- 130 -

22-ое июня 1941 г.

 

 

В этот год мы недорого купили у какого-то любителя-самоучки приемник. По звуку и чувствительности приема станций из всех стран света он оказался первоклассным - он еще потом служил мне в Ульяновске, благодаря ему я и там не потеряла связи с остальным миром и слушала все ту же Англию... Почему-то слышно было только по-немецки, но и на том спасибо!

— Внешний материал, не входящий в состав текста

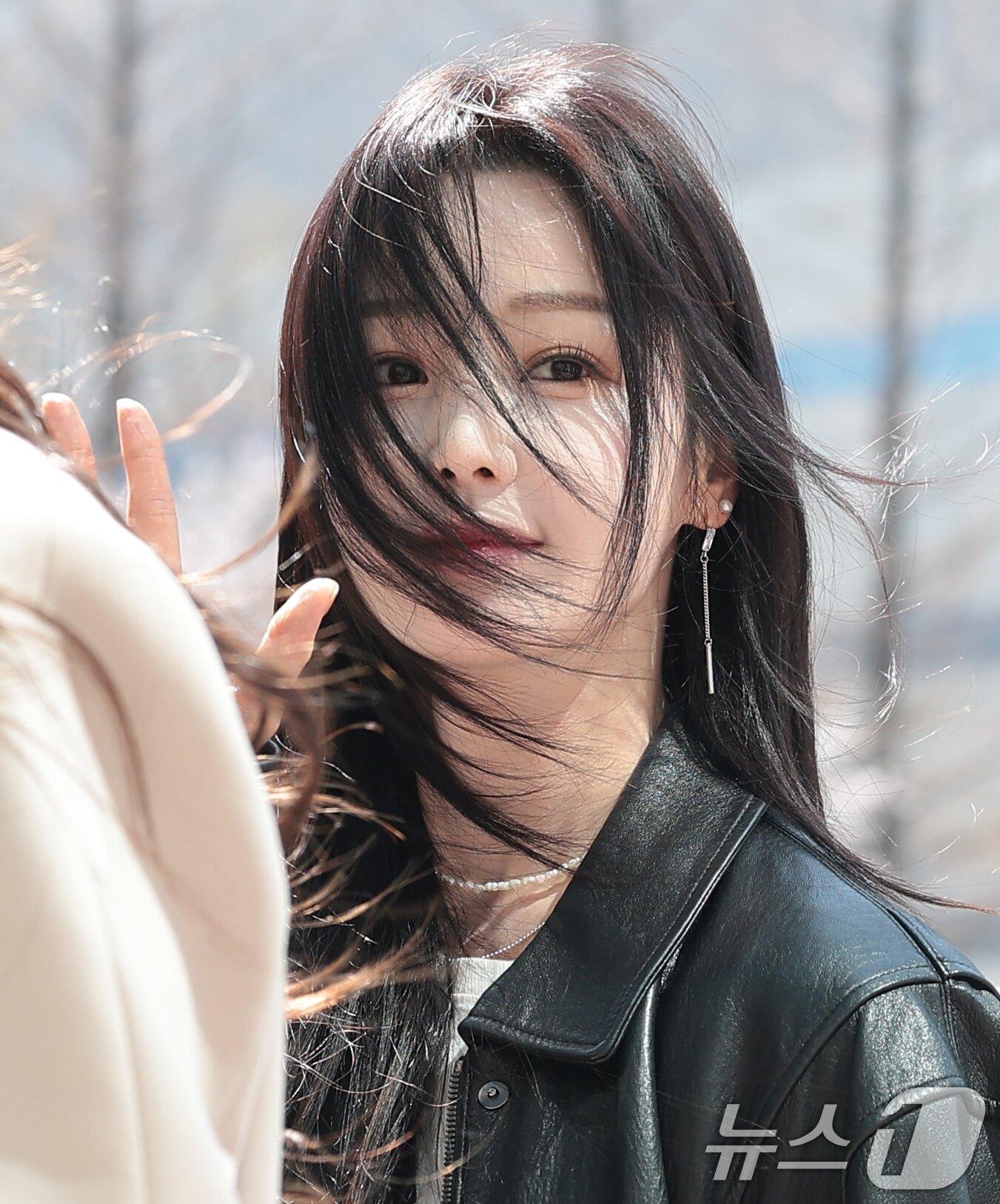 본문 이미지 - 씨야의 남규리가 SBS 파워FM ‘두시탈출 컬투쇼’ 생방송을 위해 2일 오후 서울 양천구 목동SBS로 들어서고 있다. ⓒ 뉴스1 권현진 기자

Весной 1941 г. настроение у нас стало много тревожнее: мы ждали, что вот-вот снова разразится война. Мы понимали, что немцы не ограничатся тем, чтобы аккуратно занимать юго-восток Европы одну страну за другой. Ходили всякие слухи... Но вот наступило памятное воскресенье 22-го июня. Я кончала причесываться, когда Никита вбежал в ванную с криком: "Война, война, Гитлер напал сегодня в пять утра!" Я бросилась к приемнику, перевела на немецкую волну - и сразу полилась речь Геббельса, которую без конца повторяли: "Сегодня в пять утра наши славные войска... Сопротивления пока нет, продвижение внутрь страны идет усиленным темпом..." Все стало на место, вот и случилось, и началось, чего ждали. Позвонил Henri de Fontenay, сказал, что бежит к нам, еще кто-то... И звонок в дверь. Слышу, солдатский голос спрашивает: "Sie sind Russe?" - "Ja" - отвечает Игорь Александрович. Голос: "Also sind sie verhaftet". В столовую входят два громадных фельд-жандарма с кольтами в рукад и начинается то, что стало потом как бы немецким рефреном: "Also schnell, los, los! Sie gehen mit!"

 

- 131 -

Мы все трое стоим оторопев, Никита начинает плакать. "Молчи, — говорю ему по-русски, - это враги, при них не плачут" — и, быстро тараторя по-немецки, прошу главного дать нам несколько минут, чтобы собрать хоть немного вещей. "Gut, aber schnell, bitte". Игорь Александрович и Никита идут в спальню собрать маленький чемодан, я им подаю носки, мыло. Спрашиваю опять: "Bitte, sagen Sie mir, wo kann ich jetzt Auskunft haben?" Старший долго смотрит на меня стеклянным взглядом: он, видимо, поражен, что я владею его родным языком не хуже, чем он сам. Наконец, все же отвечает: "Zwo und siebzig avenue Foch", т.е. авеню Маршала Фош. Спрашиваю: "Aber was ist es denn da, an dieser Adresse?" Он молчит долго, наконец внушительно говорит мне: "Es ist ein Haus". Ну и дальше: "Los, los". Хватают Игоря Александровича за руку, суют ему кольты под мышки и, пихая его кулаками, чуть не бегом уводят вниз по лестнице. Перед домом на панели жмутся с перепуганными лицами семь-восемь ближайших наших соседей... Смотрю в окно (а мы жили на первом этаже, невысоко), серая машина гестапо исчезает за углом.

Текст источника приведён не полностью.